As cenas chocantes de uma mulher agredindo física e verbalmente um casal na madrugada de sábado em uma padaria de São Paulo repercutiram nas redes sociais e causaram uma onda de indignação. O jornalista Rafael Gonzaga usou as redes sociais para denunciar o ataque gratuito que ele e seu namorado sofreram. Além da agressão física, o casal foi vítima de homofobia, crime que desde 2023 é equiparável à injúria racial pelo Supremo Tribunal Federal (STF).
Segundo o relato das vítimas, a Polícia Militar foi acionada, demorou para comparecer ao local e apenas conversou com os envolvidos, sem levar as partes para prestar esclarecimentos na delegacia. Causou estranheza e indignação em muita gente o fato de a mulher não ter sido presa em flagrante ou de não ter sido conduzida à delegacia, já que toda ação foi gravada. Afinal de contas, a lei permite prender alguém em flagrante por homofobia?

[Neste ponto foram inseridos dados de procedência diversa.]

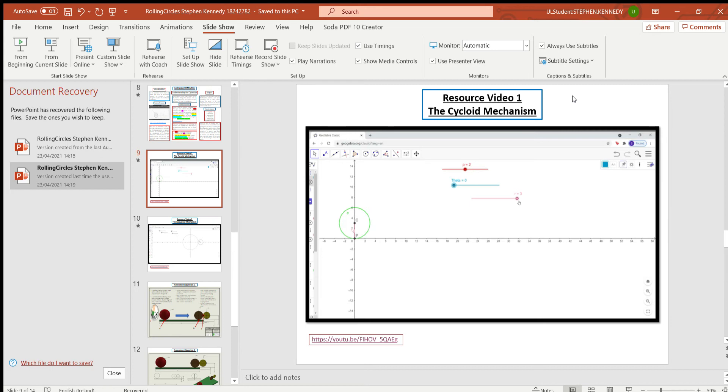So I thought when creating the resource that was the area I went down. I said I want to make it easier for students to understand how this mechanism works.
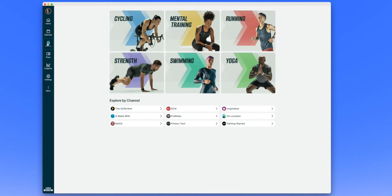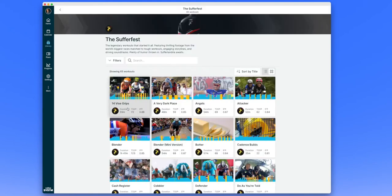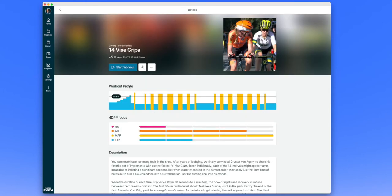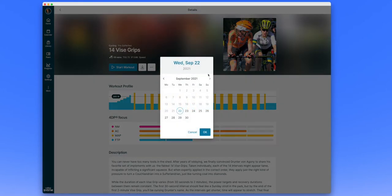To schedule or add a workout to your calendar, go to the Library tab, browse to the workout you'd like to add, click on the workout to view details, and then click on the three-dot menu next to the download icon.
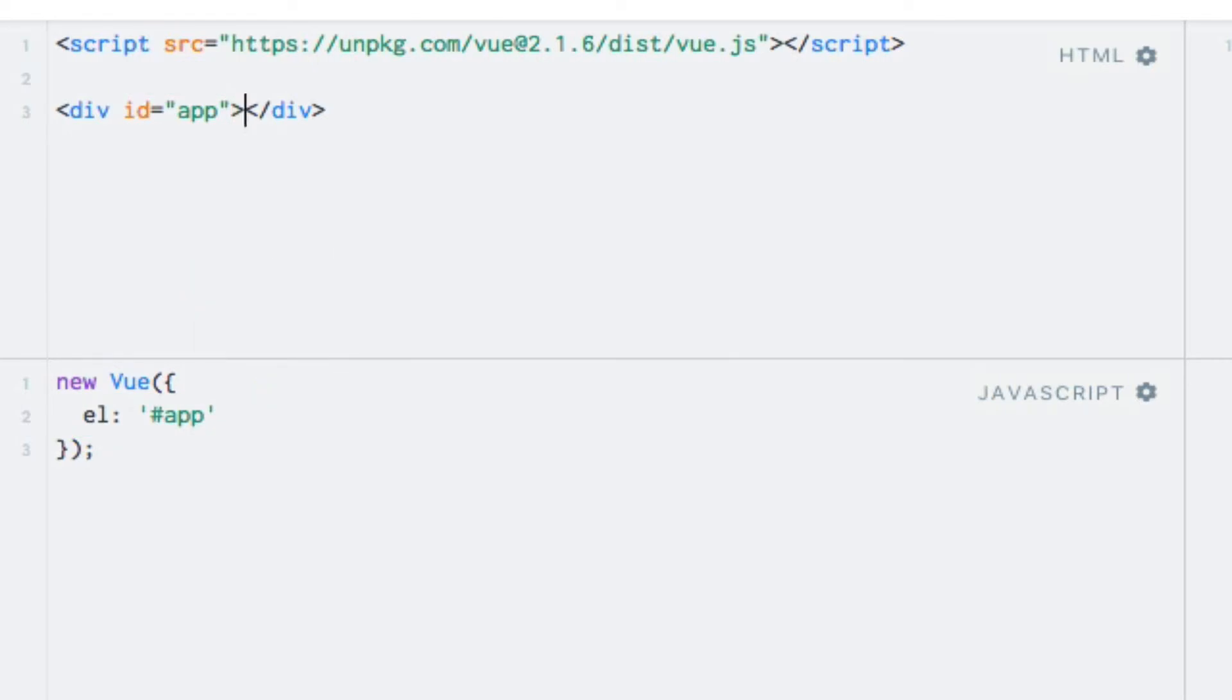In order to do that, we have to first shift our attention back to our Vue instance and introduce a new property named data. As its name implies, this is where we'll add the data that we want to be accessible within our Vue instance, and thereby within our template as well. This property must be an object of key value pairs.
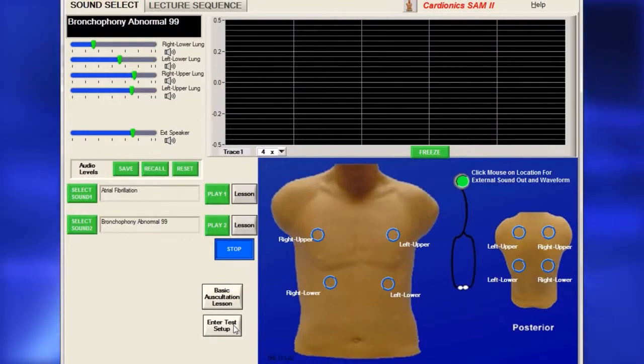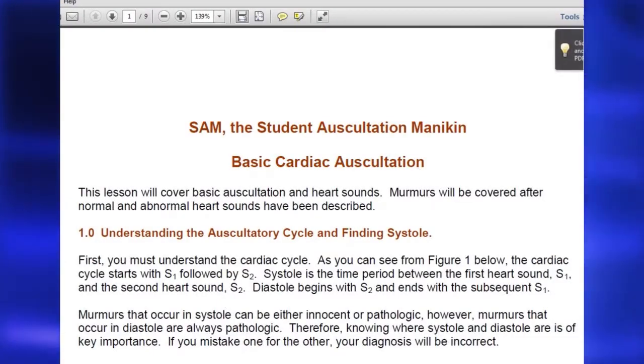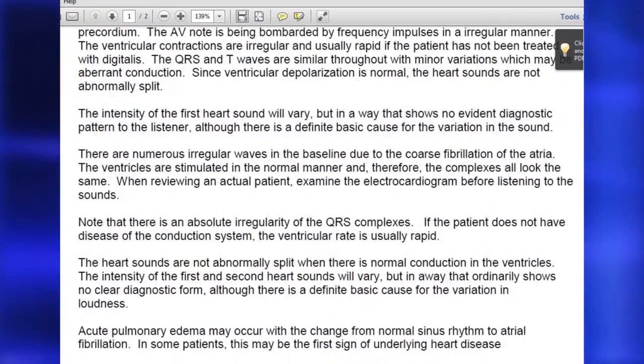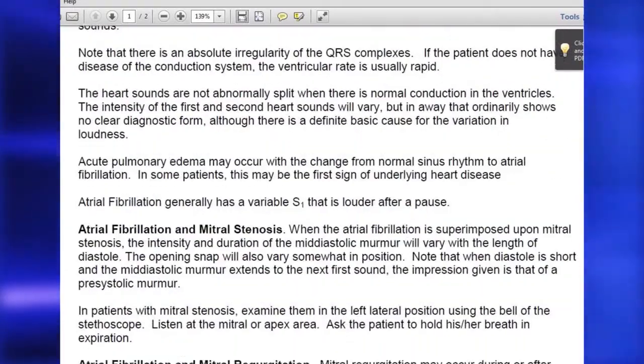SAM2 includes a lesson for every sound, accessed by clicking on the Lesson button. Each lesson has a description of the sound.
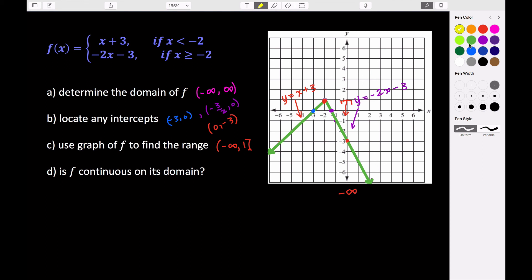The last part is a new concept called continuity — it asks: is our graph continuous on its domain? Our domain is all real numbers. Basically, continuous means we are able to draw this entire graph without ever picking up our pencil, meaning it doesn't skip at the endpoint of the first interval and then continue. You can see that we could take our pencil and draw along this entire graph without ever picking it up, so we would say that this function is continuous.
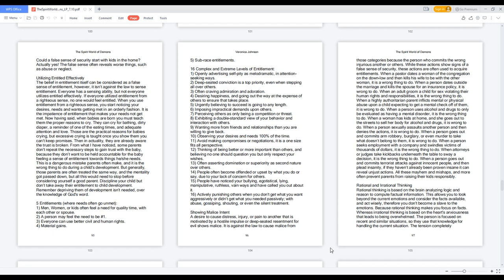Eight: Exhibiting a double standard view of your behavior and interaction with others. Nine: Wanting more from friends and relationships than you are willing to give back. Ten: Observing your desires and needs 100% of the time. Eleven: Avoid making compromises or negotiations, it is a one-size-fits-all perspective. Twelve: Thinking of being better or more important than others, and believing no one should question you but only respect your wishes. Thirteen: Often asserting domination or superiority as second nature over others.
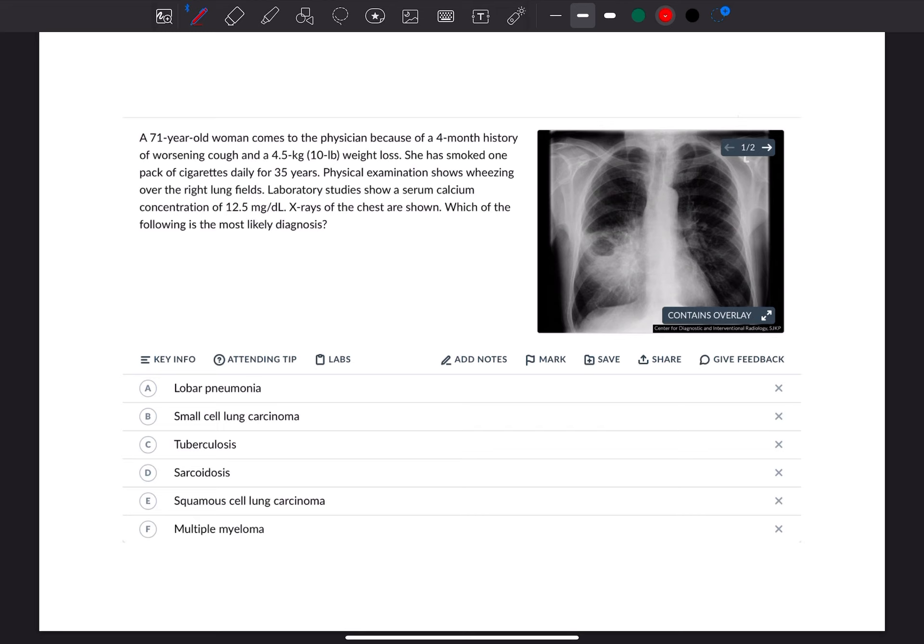Physical examination shows wheezing over the right lung fields. Laboratory studies show a serum calcium concentration of 12.5 milligrams per deciliter. That's the key word here. X-rays of the chest are shown, which of the following is the most likely diagnosis?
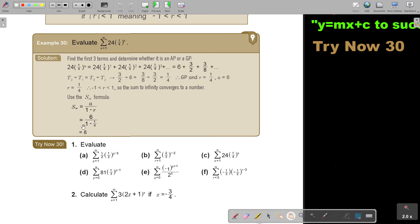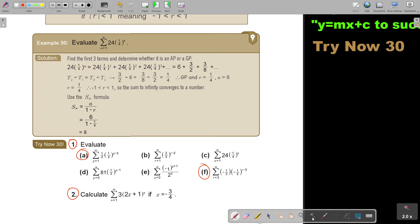I want you to stop the video and do number 1A, as well as F, and then number 2. You can continue the video as soon as you are finished.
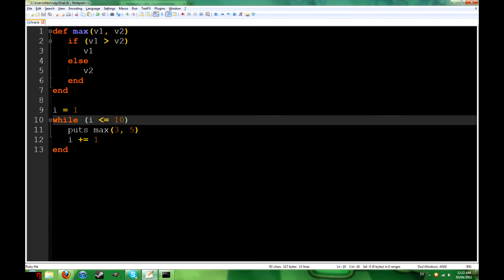We also have a while loop. While i is less than or equal to 10, we repeat this.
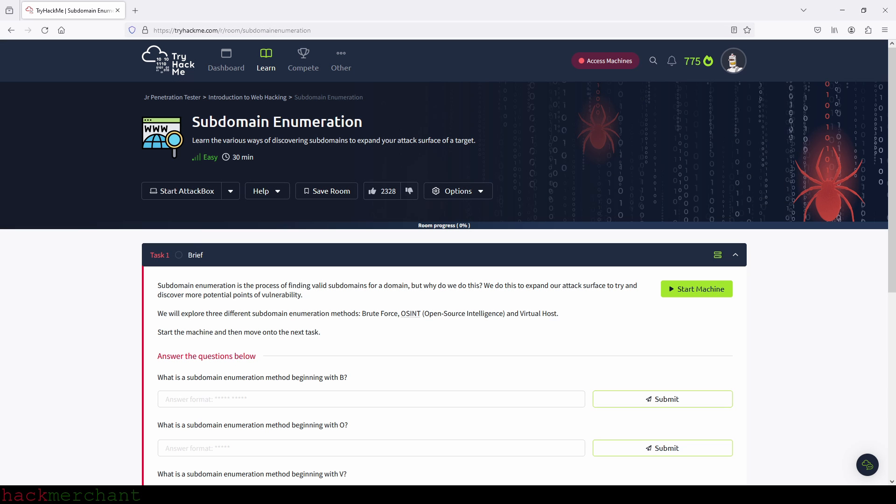Hi everybody, and welcome to subdomain enumeration. Today we are going to do some subdomain enumeration — finding subdomains for a domain. Our target domain is of course a domain provided by TryHackMe. We are going to use three methods: brute force, OSINT, and virtual host. And we'll use some tools which are DNSrecon, Sublist3r, and ffuf. So let's begin.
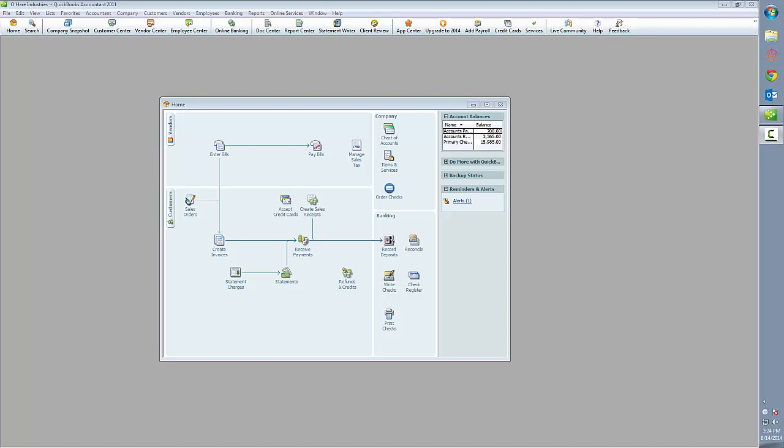This is a video demonstration of the Transacts QuickBooks module Batch Processing feature. Batch Processing allows merchants to process many transactions for many customers at one time.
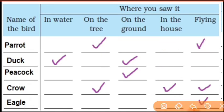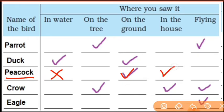Next, peacock. Where do you see a peacock? You see a peacock on the ground. Tick the ground for peacock. Your answers are correct.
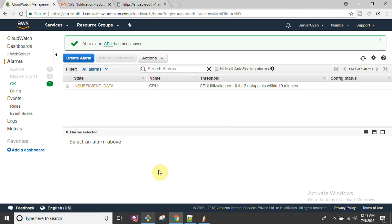This is how you can configure CloudWatch for all of your resources. Thank you very much for watching. If you have any questions, please write in the comment box - I shall be happy to reply. Thank you, have a good time, and happy learning!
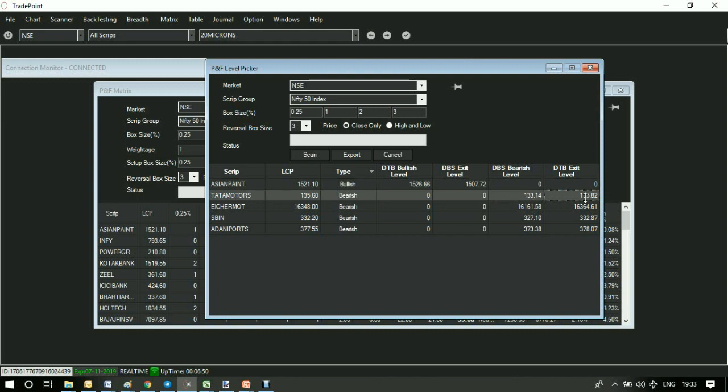So I hope you have understood the process we are following in this method. You can run the scanner on a daily basis on any group of stocks. Please write us at info@definedge.com in case of queries or feedback. Thank you for watching this video.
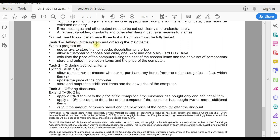Now let's jump to Task 1: setting up the system and ordering the main items. There are four points to fulfill. The first point asks you to use arrays to store the item codes, descriptions, and prices. Arrays are a data structure that we use to store multiple values of the same data type.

A jurista e mestre em Direito Penal, Jacqueline Valles, explica que as regras para a prisão em flagrante são as mesmas que todos os crimes. “A prisão em flagrante existe na nossa legislação como forma de cessar o cometimento de um crime. Se, quando a polícia chegou ao local, a prática do delito já havia terminado, não há motivo para a prisão em flagrante. Agora, se a polícia chega no momento em que a mulher está cometendo o crime contra as vítimas, poderia, sim, prendê-la em flagrante”, comenta.
Isso não significa, no entanto, que os policiais militares não poderiam conduzir as partes à delegacia. “Essa é uma prática comum: levar todos para a delegacia de polícia para que seja iniciada a investigação, mas não é obrigatória por lei. Não pode haver condução coercitiva. As duas partes precisam concordar em ir para a delegacia prestar esclarecimento. Mas, independentemente da presença do suspeito, a vítima pode procurar a Polícia Civil e registrar a queixa para que o caso seja apurado. Se julgar necessário, o delegado determinará a busca pelo suspeito do crime”, completa.
Manutenção da prisão
Quando há prisão em flagrante, cabe ao juiz definir se há ou não motivos para manter o autor preso ou se ele poderá poderá responder ao processo em liberdade. “Em crimes em que há ameaças à vida e riscos à sociedade, bem como risco de fuga, a polícia pode pleitear à Justiça a prisão temporária ou preventiva, mas nos crimes de menor potencial ofensivo, aqueles que não envolvem violência física ou grave ameaça, a prisão é não é feita”, detalha a advogada criminalista.
Investigação
A Secretaria da Segurança Pública (SSP) informou à imprensa que a Delegacia de Repressão aos Crimes Raciais contra a Diversidade Sexual e de Gênero e outros Delitos de Intolerância (Decradi) já identificou e intimou a mulher que aparece nas imagens. As vítimas foram ouvidas na segunda-feira e encaminhadas para o Instituto Médico Legal para realização do exame de corpo de delito. Os policiais militares que atenderam a ocorrência também serão ouvidos e o setor de investigação analisa as gravações apresentadas e realiza diligências para identificar novas testemunhas.
A jurista explica que o crime previsto no artigo 20 da Lei 7716/1989 é punido com reclusão de um a três anos e multa.“Como é um crime considerado de baixo potencial ofensivo, a pena de reclusão é substituída por uma alternativa à prisão, como prestação de serviços comunitários. A pessoa pode não ser presa, mas é condenada e esse registro fica na sua ficha criminal. A lei tem que ser apenas uma das ações para prevenir crimes como racismo, homofobia ou preconceitos de qualquer origem, não a única. Precisamos de uma trabalho amplo de educação e conscientização, não podemos atribuir exclusivamente ao Código Penal a tarefa de conscientizar a sociedade”, detalha Jacqueline.